▸ **EXCERPTED RECORDS**:
--

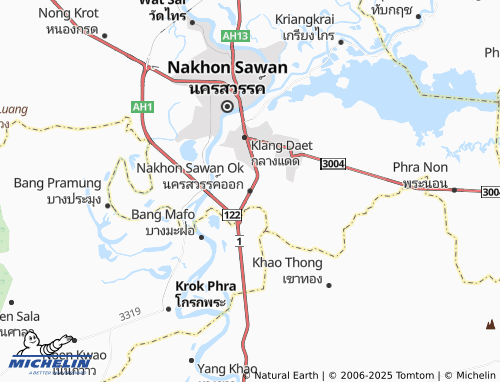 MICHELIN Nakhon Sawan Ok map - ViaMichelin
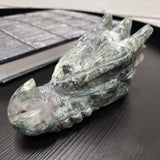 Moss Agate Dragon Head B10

--

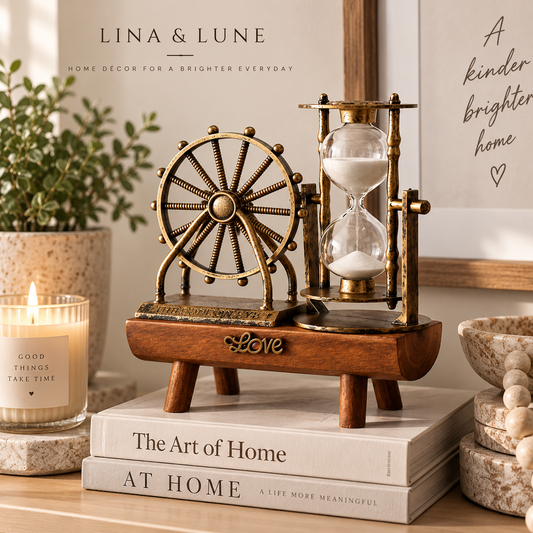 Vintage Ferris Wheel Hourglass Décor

--

▸ **TASK REQUIREMENTS**:
Copy back exactly the lines above from the one containing "MICHELIN Nakhon Sawan Ok map - ViaMichelin" through the one containing "Moss Agate Dragon Head B10", and leave every picture behind.

▸ **YOUR SOLUTION**:
 MICHELIN Nakhon Sawan Ok map - ViaMichelin
 Moss Agate Dragon Head B10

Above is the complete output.